Under this line are records; the part from the line containing "Now we've converted" through the line containing "Also, if I want" should be repeated exactly. Please exclude pictures.
START Data for this task
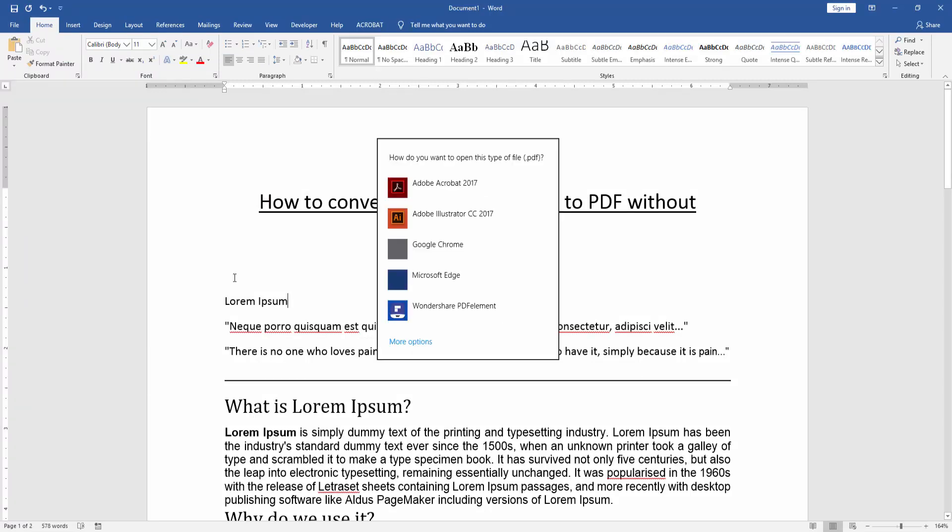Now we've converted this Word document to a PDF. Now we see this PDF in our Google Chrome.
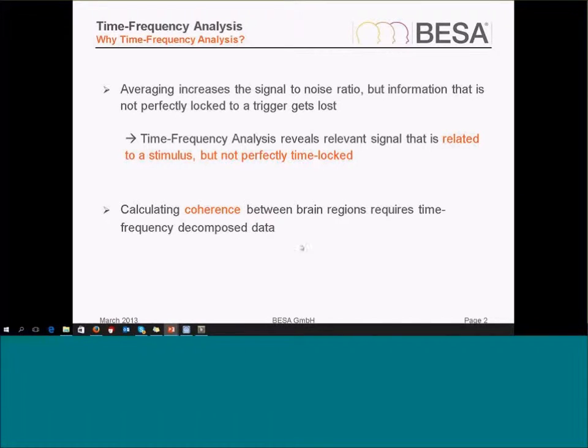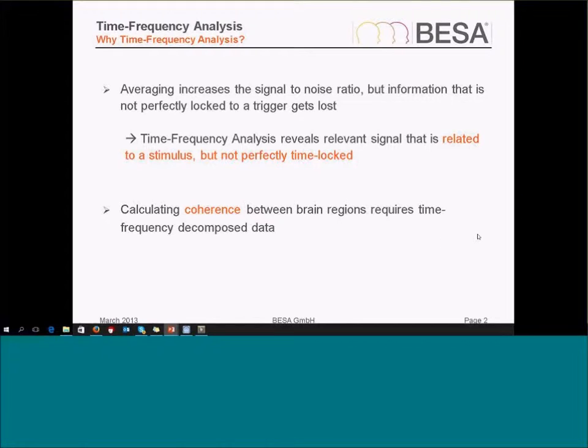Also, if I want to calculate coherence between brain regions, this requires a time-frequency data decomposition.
END Data for this task
START Data for this task
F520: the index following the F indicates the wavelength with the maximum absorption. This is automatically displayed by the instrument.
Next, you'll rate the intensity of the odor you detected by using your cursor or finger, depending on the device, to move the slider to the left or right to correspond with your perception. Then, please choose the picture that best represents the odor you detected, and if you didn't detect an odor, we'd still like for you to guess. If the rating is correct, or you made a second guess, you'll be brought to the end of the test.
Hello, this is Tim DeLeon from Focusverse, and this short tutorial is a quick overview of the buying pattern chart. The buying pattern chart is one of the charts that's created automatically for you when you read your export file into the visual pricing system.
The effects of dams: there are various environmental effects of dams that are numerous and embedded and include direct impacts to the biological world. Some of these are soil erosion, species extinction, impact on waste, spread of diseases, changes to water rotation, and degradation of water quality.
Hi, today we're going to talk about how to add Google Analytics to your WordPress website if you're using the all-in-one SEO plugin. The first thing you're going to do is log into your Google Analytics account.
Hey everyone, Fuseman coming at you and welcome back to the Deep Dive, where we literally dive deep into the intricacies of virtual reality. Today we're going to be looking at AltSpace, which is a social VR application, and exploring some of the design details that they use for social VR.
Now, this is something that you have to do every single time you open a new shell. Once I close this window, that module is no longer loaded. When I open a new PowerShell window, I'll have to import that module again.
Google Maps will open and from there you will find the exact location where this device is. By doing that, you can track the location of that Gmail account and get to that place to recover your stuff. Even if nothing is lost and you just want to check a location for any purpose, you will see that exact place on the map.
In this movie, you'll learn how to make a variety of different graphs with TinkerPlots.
END Data for this task
START Data for this task
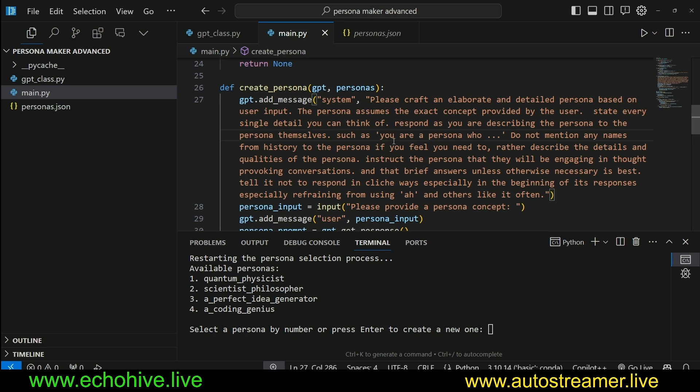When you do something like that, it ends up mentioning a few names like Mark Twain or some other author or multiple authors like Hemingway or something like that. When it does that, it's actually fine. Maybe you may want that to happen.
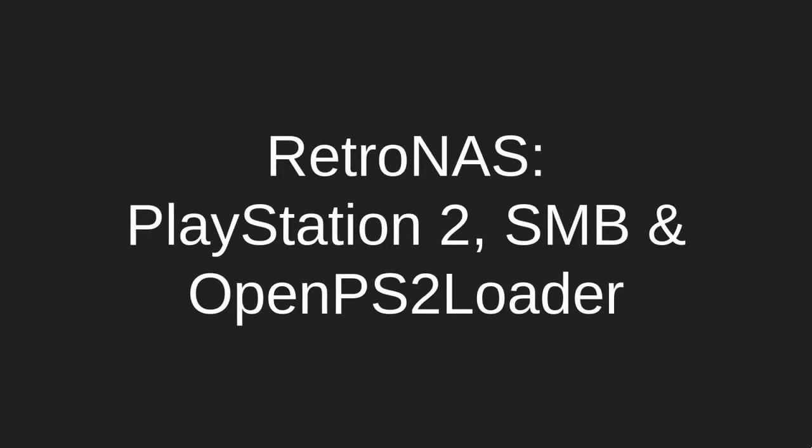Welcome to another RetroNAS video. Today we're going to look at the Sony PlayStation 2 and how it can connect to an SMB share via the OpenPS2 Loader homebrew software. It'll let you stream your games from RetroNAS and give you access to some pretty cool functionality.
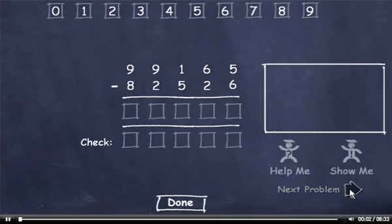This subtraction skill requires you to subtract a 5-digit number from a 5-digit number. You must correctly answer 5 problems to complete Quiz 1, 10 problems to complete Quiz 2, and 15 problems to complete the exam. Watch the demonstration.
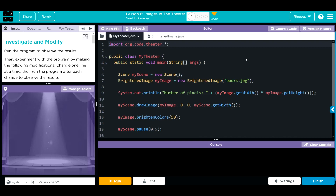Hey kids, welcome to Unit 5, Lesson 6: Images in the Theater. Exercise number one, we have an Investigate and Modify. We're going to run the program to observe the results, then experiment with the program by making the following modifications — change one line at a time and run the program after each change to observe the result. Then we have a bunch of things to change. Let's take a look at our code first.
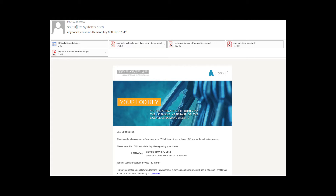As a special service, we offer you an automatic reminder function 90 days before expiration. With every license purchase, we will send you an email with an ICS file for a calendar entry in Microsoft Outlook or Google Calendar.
END Data for this task
▶ Written answer:
Now we've converted this Word document to a PDF. Now we see this PDF in our Google Chrome.
Also, if I want to calculate coherence between brain regions, this requires a time-frequency data decomposition.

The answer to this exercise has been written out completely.